16th century- Age of Spain

17th century- Age of France

18th century- Rise of England

 

Rise of New Monarchies

 

The 16th century saw the development of new monarchies. In general, monarchies in Europe were moving towards absolutism wherein the monarch was limited only by divine or natural law. Absolutist claims were, in fact, most often based on the claim to rule by Divine Right. These rulers monopolized political power and justice within their kingdoms. Their sovereignty was characterized by the right to make law, something which earlier monarchs had been unable to do. The new monarchs were moving away from the old feudal basis for their rule with its concept of mutual obligations and rights. Feudal rulers possessed monopolies of neither justice nor military power, both of which the new monarchs of the early modern period largely achieved. The three main characteristics of the new monarchies: 1) Rule through councils and ministers. Government bureaucracy built up in order to establish effective royal control at local levels.

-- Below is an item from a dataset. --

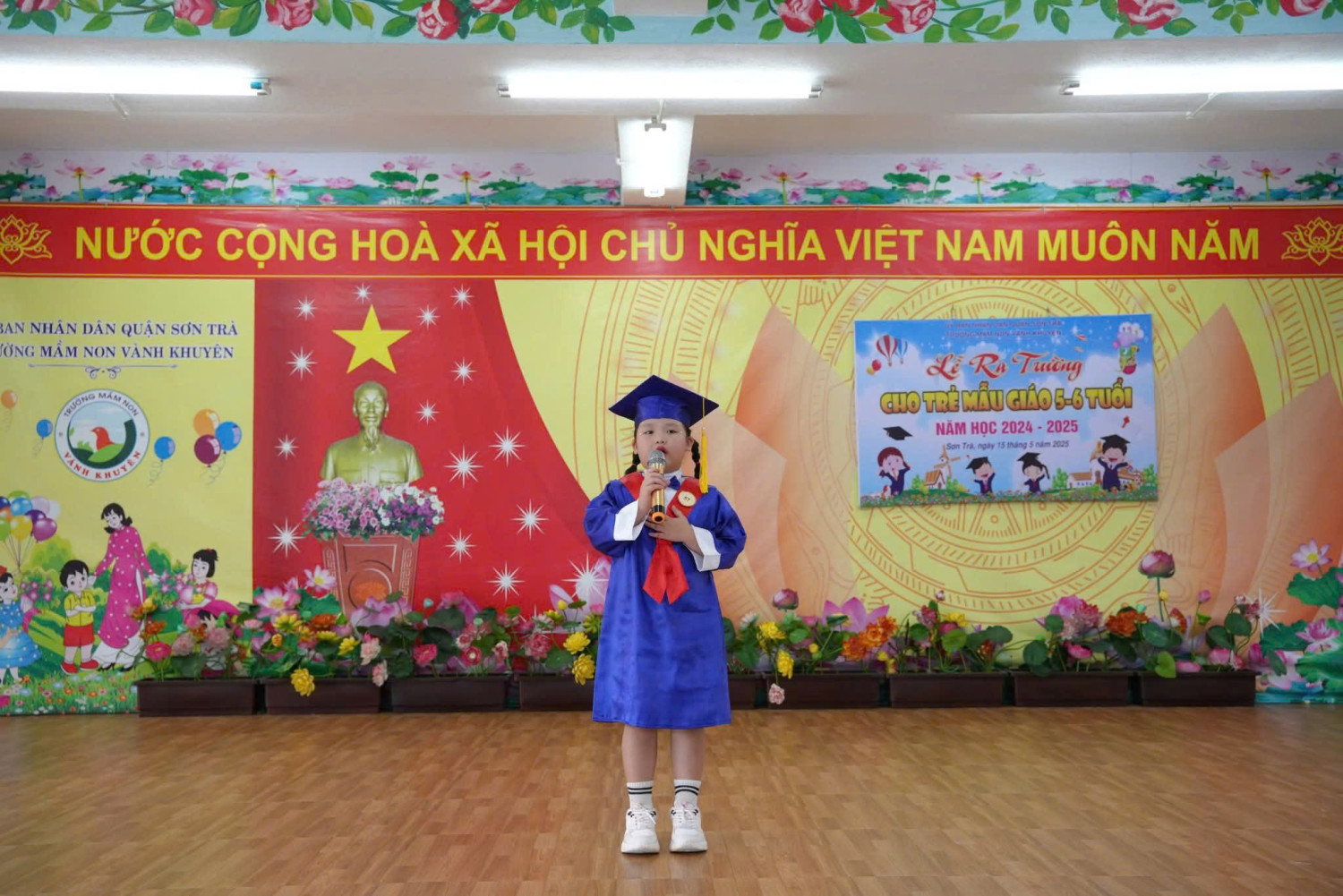 gen h z7287633509192 8684fdffd524257f7560f2764b22601f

In many areas old representative institutions faded; 2) Monopoly of military power, especially gunpowder technologies; and 3) Taxation and the Kings right to create taxes in order to raise money were major themes of political life in this period.

 

Other Themes or Developments

 

      Growing battle between Absolutism and Constitutionalism.

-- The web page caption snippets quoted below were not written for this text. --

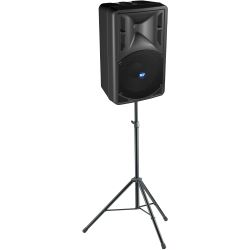 RCF ART 310A Bundle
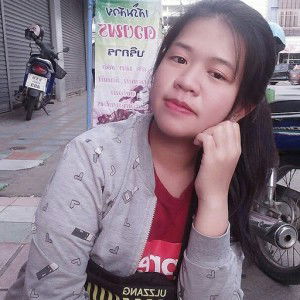 Thidarat Tapala profile icon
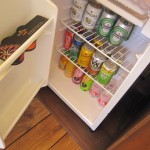 soneva-kiri-beach-villa-022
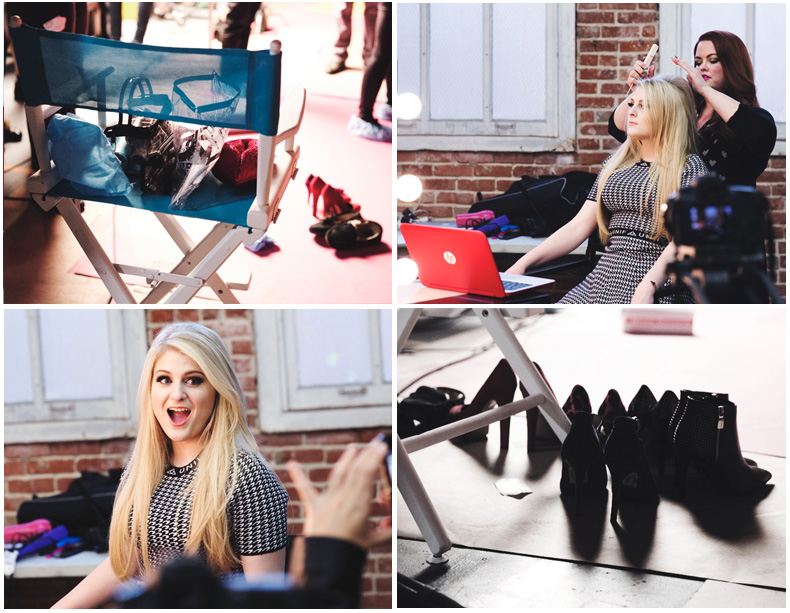 Meghan_Trainor-Your_Lips_Are_Movin-Music_Video-Making_Off-7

      Continued conflict between kings and the aristocracy. Kings look to middle class for political and economic support. Slow rise of middle class political influence.

      European aristocracy continued to dominate governmental and military offices. Other classes still largely excluded.

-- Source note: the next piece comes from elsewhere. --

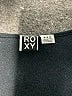 Roxy Black Tank Top Size M - photo 7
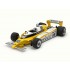 1/12 Renault RE-20 w/Photo-Etched Parts 1/12 Renault RE-20 w/Photo-Etched Parts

      Increasing discussion of the nature and origins of political sovereignty.

      Reorganization of states in central and eastern Europe. All ruled by absolute rulers in conjunction with a service aristocracy whose loyalty was purchased with virtually complete control over the serfs.

      17th and 18th century- various models of international relations developed to maintain a balance of power in Europe. This became a key idea in European relations.

      Continued development of the Nation-State.

      Religious wars to 1648. Ideology not important 1648-1789.